Anyeonghaseyo! The present political and military conditions particularly in the orient are very shaky given the recent artillery attack to South Korea by its neighbor up north. Yesterday (November 23), the world, especially South Korea, was caught off guard when NoKor bombarded Yeonpyeong Island with artillery shells, killing at least 2 and hurting dozens. SoKor, of course, was then forced to return fire and to scramble their fighter planes for defense. North Korea’s attack, by the way, came after it sent a warning to Seoul days earlier, demanding them to their military drills in the area.

The tension between the two Koreas started way back in 1950. In case you do not know, the two Koreas are technically still at war today since no peace treaty was ever signed following the Korean war during the 50′s. Anyway, North Korea, which was ruled by a communist government which was headed by Kim Il Sung (the father of Kim Jung Il), and South Korea with a democratic one, both wanted to unify the entire Korean peninsula under their own government. To unify the region by force, NoKor invaded South on June 1950. North almost took over the whole South but it was not able to get Pusan. The South, UN forces, and the Americans, then rallied and hit Inchon which was a city located at the north west of SoKor. This led the Southern forces to regain control of Seoul. Eventually, they were able to push most of the north forces back behind the 38th parallel.

SoKor, however, continued to attack the north and almost took the whole peninsula. But then the Chinese came to the north’s side and pushed the south forces back below the parallel. As I’ve mentioned, no formal peace treaty between the two was ever signed. Since the major part of the war, skirmishes between the two nations have been continuing every once in awhile near the border. In fact, SoKor was blaming the north for the sinking of its naval ship this March.
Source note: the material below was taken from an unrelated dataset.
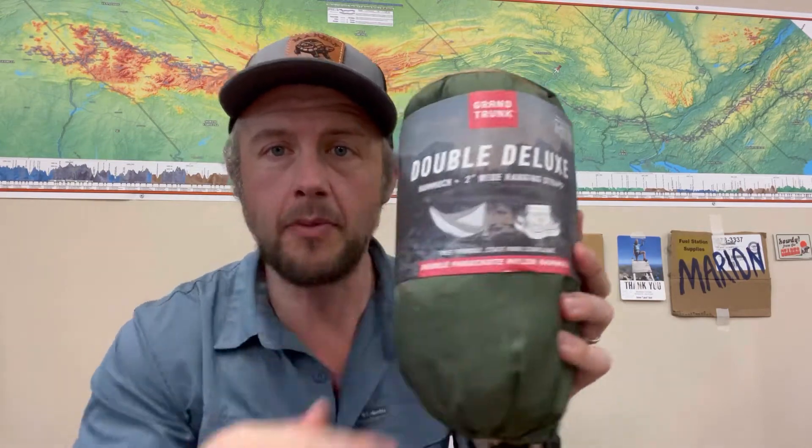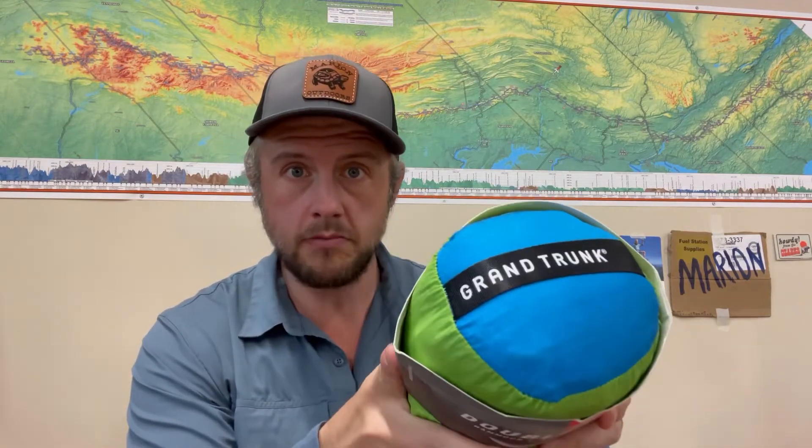Here it is, and it's even a double deluxe hammock. Green with a little khaki, red with a little gray, lime green with a little bright blue — these are just a few of the colors we have. $49.95, lifetime warranty. Grand Trunk.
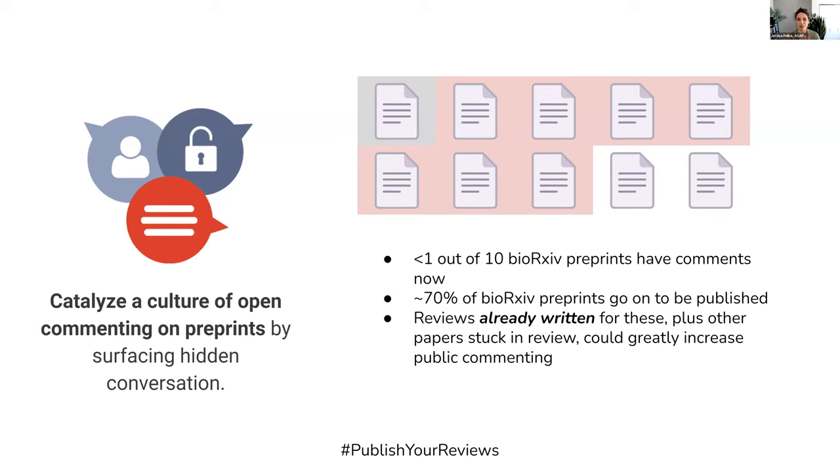You could imagine that by posting peer review, we could increase by a factor of seven or eight the number of reviews that are visible on preprints — the number of preprints with comments and discussion.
So how does the tension between the two Koreas affect the global markets?

Well of course, any threat to global stability especially a potential war between two powerhouses (one economic and the other nuclear) negatively affects the market’s sentiment. At these times, investors rather place their money in safer instruments. The less safe investments like equities would surely take a toll and it did. Ironically, however, this incident in the East further supported the recent rally of the greenback. Again, at times of fear, people move to safe investments like the USD and JPY and away from the higher yielding ones like the AUD, EUR, GBP, etc. Therefore, if any more military conflict between the two occurs, the USD would surely benefit from it. But given the backing of the US to SoKor and the diplomatic stance of the United Nations, it is unlikely that there will be more attacks on either state – unless of course north does their thing again.

By the way, below are some pictures of the former childhood residence of the Northern Korean leader Kim Jung Il that I took during one of my visits in the peninsula this year.

kim jung il, north korea, south korea, north korea attack, korean war

The kid in the pic with the head scratched off (by South Korean tourists) is Kim Jung Il of North Korea.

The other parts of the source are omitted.